The approach used to link securities financing transactions with their respective loans is just one example of the many aspects that the new guideline document seeks to shed its light on.
The publication, by the European Securities and Markets Authority (ESMA) is simultaneous with that of related documents: a final report, amended validation rules and a statement on legal entity identifiers (LEI).
“The guidelines will contribute to the reduction of costs along the complete reporting chain – the counterparties that report the data, the TRs which put in place the procedures to verify the completeness and correctness of data, and the authorities, defined in Article 12(2) SFTR, which use the data to supervise risks to financial stability,” the regulator comments in its press release.
It goes on to list the aspects which it aims to clarify:
• The reporting start date when it falls on a non-working day.
• the number of reportable SFTs;
• the population of reporting fields for different types of SFTs;
• the approach used to link SFT collateral with SFT loans;
• the population of reporting fields for margin data;
• the population of reporting fields for reuse, reinvestment and funding sources data;
• the generation of feedback by TRs and its subsequent management by counterparties, namely in the case of (i) rejection of reported data and (ii) reconciliation breaks; and
• the provision of access to data to authorities by TRs.

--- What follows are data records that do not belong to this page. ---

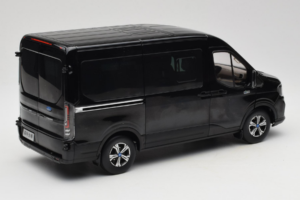 Ford Transit Schwarz JMC 1:18 SHRV363CM02JP Druckguss — Bild 3 von 8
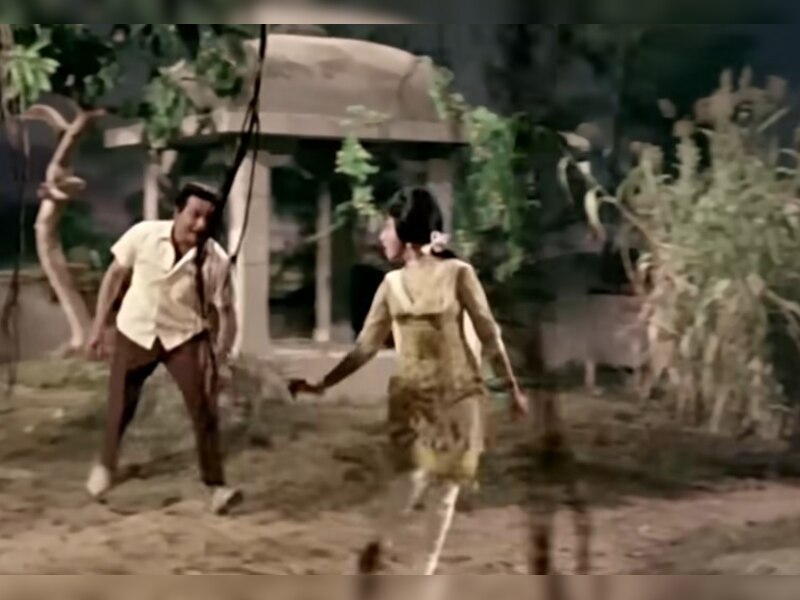 58 Year Old Beautiful Romantic Sad Song Tumhari Nazar Kyon Khafa Ho ...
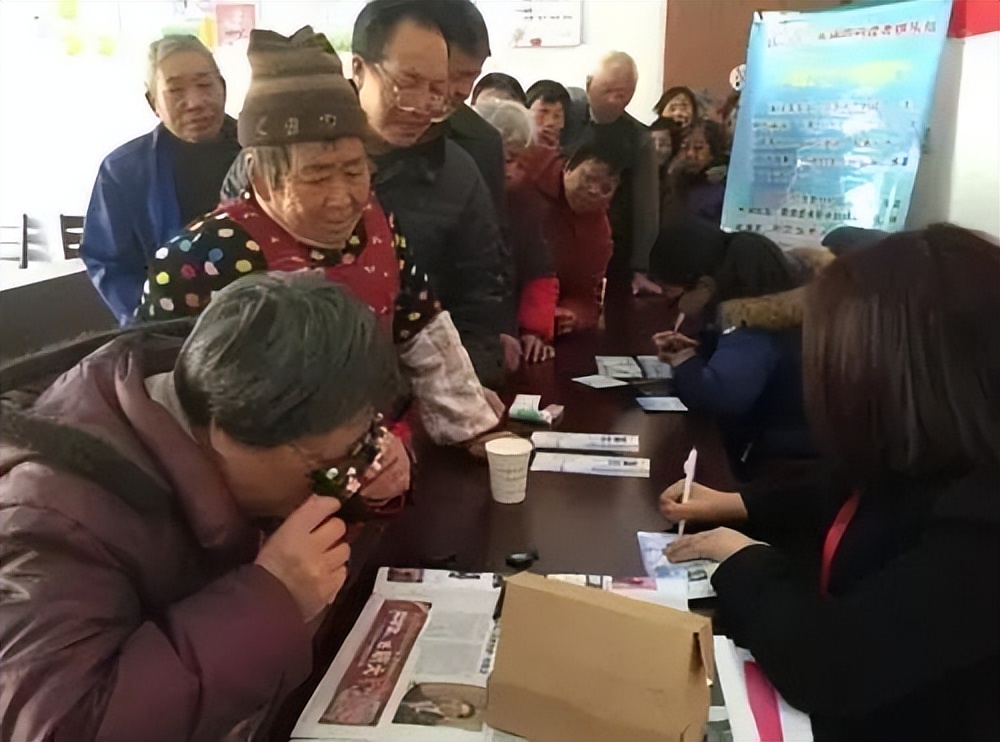 被吹上天的保健品和药品的区别,被吹上天的保健品实则伤钱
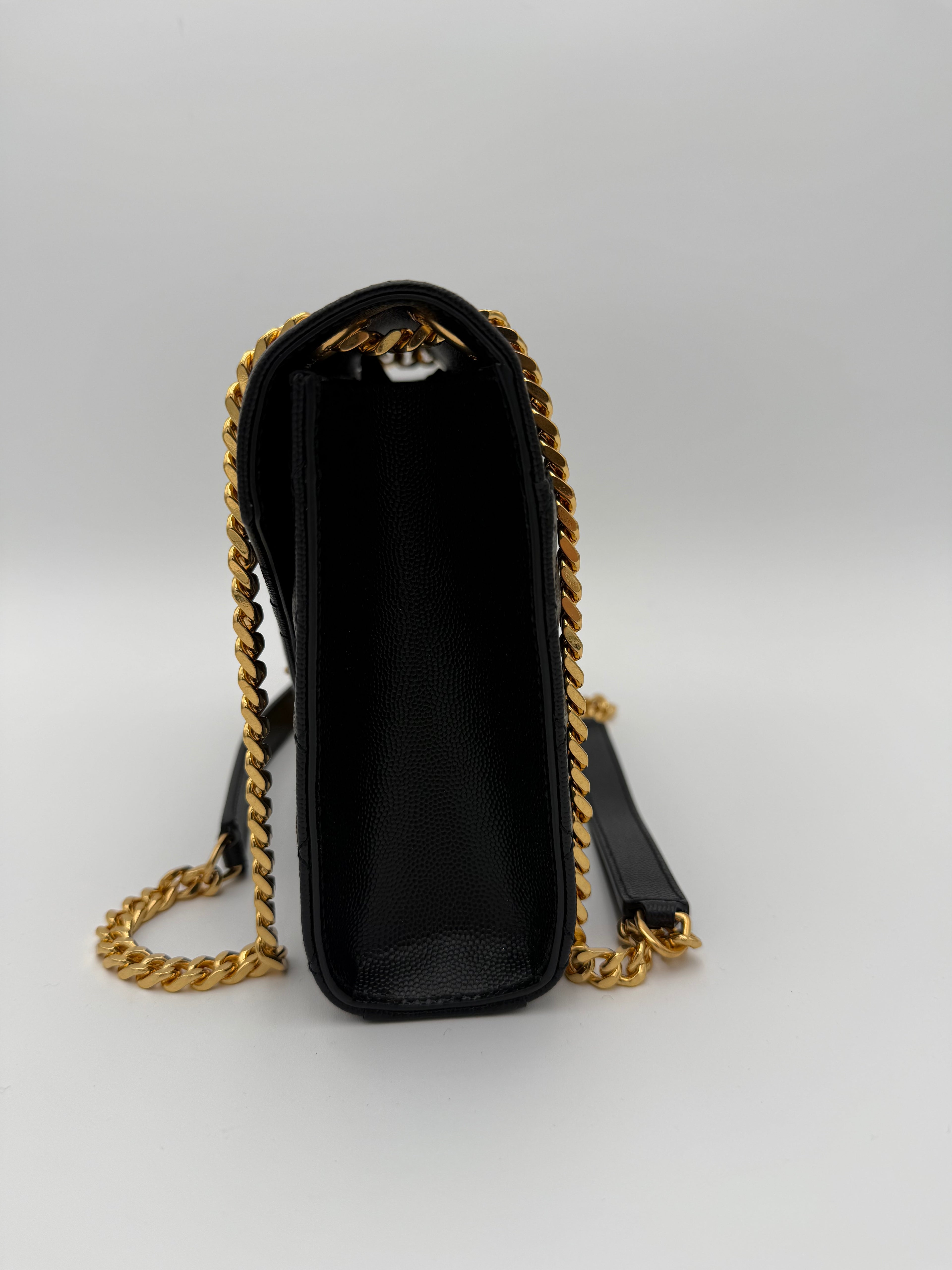 Saint Laurent Borsa Envelope Media a Tracolla in Pelle Nera - Mercatino di Ninni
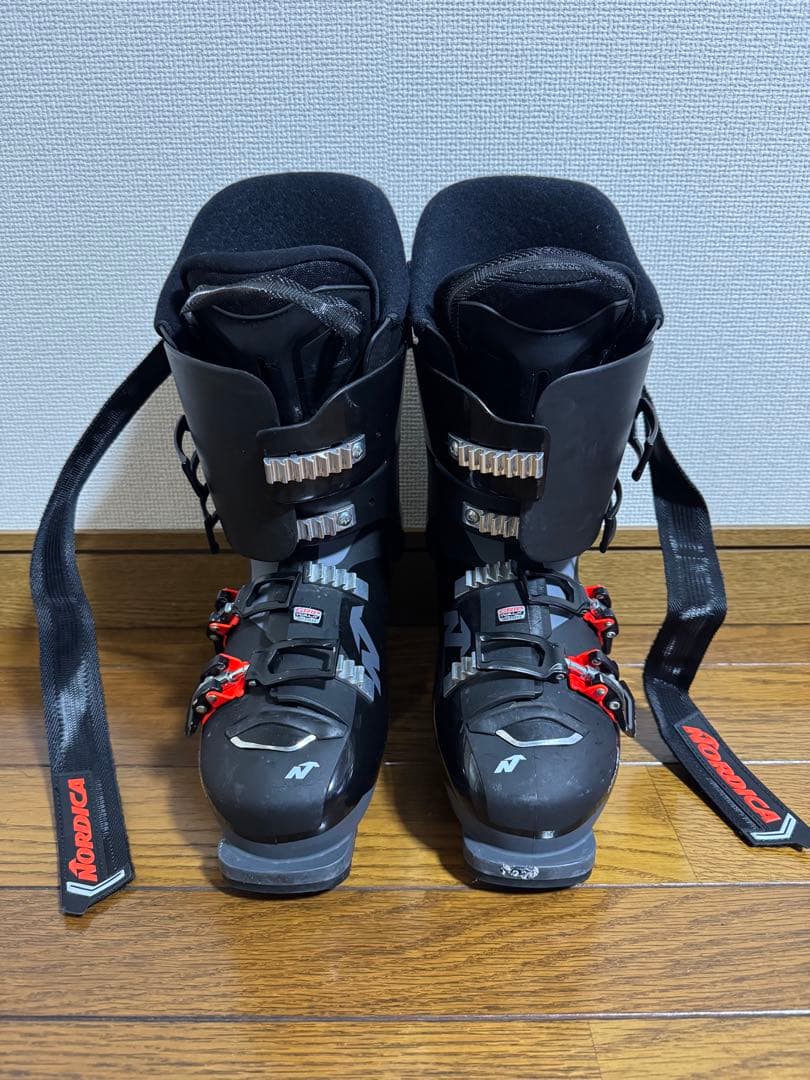 Nordica スキー ブーツ 100 【26.5㎝】【Last102】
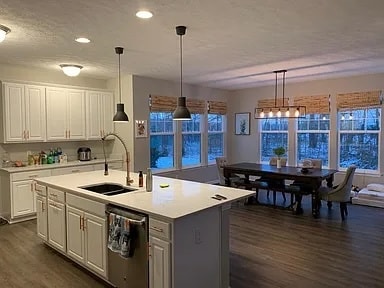 32918 Rebecca Ln in Avon Lake, OH - Building Photo - Building Photo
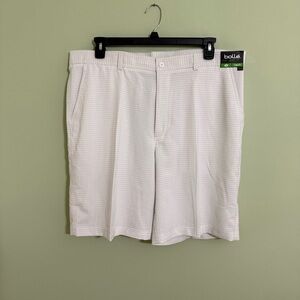 New Bolle Men's White Golf Shorts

Industry news site Global Custodian observes that the now published policies introduce a 12-month grace period from a central SFTR requirement “for market participants to provide an LEI for a security issued from a third-country when reporting their SFTs”.
As many SFTs issued in Asia and the US lack the LEI, an immediate requirement to supply it “would result in significant difficulties for European-based beneficial owners, hedge funds, agent lenders, and tri-party agents, in complying with the reporting rules, and could even lead to trades being rejected and therefore significantly narrowing the amount of acceptable collateral,” writes Global Custodian.